I am making some of my gifts this year, but haven’t yet started knitting those manly scarves and hats I have been planning for my husband and my grandpa, whose name I got in the gift exchange. What on earth do you get for Christmas for a retired cowboy who is diabetic and unlikely to state a need for anything? He could use a warm wool cap for his morning trips to the general store for coffee. Luckily, there are two Stitch’n’Bitch sessions coming up this month to get my ass in gear. I almost wrote beer.
In other news, I just picked up the new issue of Bust, which contained the happy news that my favourite quarterly ladies magazine will now be out bi-monthly.
Happy Hurrydays and Merry Cashmas, let your wallet be light.
Cruising the web while temping, I came across Ripe Magazine. This Kitsilano Braintrust actually wants writers to send them money ($10) for the honour of submitting! To pay their costs and provide “exposure” to new BC writers. They don’t pay anything, natch.
A submission fee is standard for most literary contests, but at least you have a chance of getting some money and accolades, and they usually give entrants a subscription or something.

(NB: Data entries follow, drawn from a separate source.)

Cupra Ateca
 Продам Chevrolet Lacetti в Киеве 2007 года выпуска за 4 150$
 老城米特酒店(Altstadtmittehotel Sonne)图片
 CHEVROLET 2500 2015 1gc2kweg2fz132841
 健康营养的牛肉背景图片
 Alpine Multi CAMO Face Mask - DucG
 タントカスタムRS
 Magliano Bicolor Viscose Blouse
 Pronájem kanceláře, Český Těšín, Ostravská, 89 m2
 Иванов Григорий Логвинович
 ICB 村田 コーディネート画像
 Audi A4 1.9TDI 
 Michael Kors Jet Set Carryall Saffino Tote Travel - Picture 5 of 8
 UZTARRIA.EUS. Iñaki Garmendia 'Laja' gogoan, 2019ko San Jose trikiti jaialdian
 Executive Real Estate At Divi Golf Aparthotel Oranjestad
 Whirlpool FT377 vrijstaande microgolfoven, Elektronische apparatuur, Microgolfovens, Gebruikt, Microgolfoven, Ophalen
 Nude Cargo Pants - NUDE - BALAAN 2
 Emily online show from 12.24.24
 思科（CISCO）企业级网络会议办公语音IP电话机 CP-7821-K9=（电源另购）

So, what I want to know is whether you have come across any other markets that expect you to pay for having work considered?
These folks claim that they work as a volunteer collective and that no one is making any money from the project. I know a life of letters isn’t a moneymaker, but why do it if you’re really not pulling in anything above and beyond the costs? Could it be – a SCAM?
My new copy of GEIST arrived in the mail today, and I have had just a chance to skim through it. My favourite thing in it so far is a piece by the late Mary Meigs. She wrote a beautiful essay on being old, and in between the pages of that article are examples of her freewriting.
She and other writer friends would get together and choose a phrase or line from a poet they admired. Inspired by that, they would each write freely and continously for 10 minutes or so. I have tried the exercise today, and here is my attempt, inspired by one of my favourite sentences from The Great Gatsby:
Like rose petals blown by sad horns around the floor. we are so young still and yet each day there is a nudge to do something before its too late. the music of today we turn to yesterday, seeking out more familiar music on the radio. i want to be where the people dance, a beautiful life of imagination. friendly and sad. knowledge wihout unhappiness. the weather is turning colder outside, i seek comfort. i feel the snapping at as yet ungloved hands as i walk to another day, wishing i could set aside a whole day to stare at the trees before they drop all their leaves. Hitchcock would know how to photograph a tree at exactly the right time. i would like to create something that lasts too, to walk and think, yet not so heavily that i would forget the joy of dancing and a perfectly turned cliche. Every paragraph a smartypants yet not so true as i would like it to be. and i almost erased it and started again.
Lets enjoy freewriting! I want to read your attempts in the comment box! Note: I think its a good idea to choose something that you don’t know all the words to, so as not to let the original writers work impede your own.
In the latest issue of SubTerrain, along with a tasty centrefold photo essay on roadkill, there is an interview with Nikki Gemmell, the anonymous author of the erotic novel The Bride Stripped Bare. In the article, she quotes Gabriel Garcia Marquz as saying everyone has three lives: a public one, a private one, and a secret one. And of course, in the novel, the latter is what is being fully exposed, the naked underbelly of all our pretenses and appearances. But its got me thinking, and obsessing – what if I don’t have a secret life?
Which begs the question, what if I am just a wide, flat surface, despite all the sparklers on the cake? I don’t have any secret life. There are no nocturnal, Anais Nin-like wanderings and adventures hidden in my darkest depths. You can see right through me. I am just here.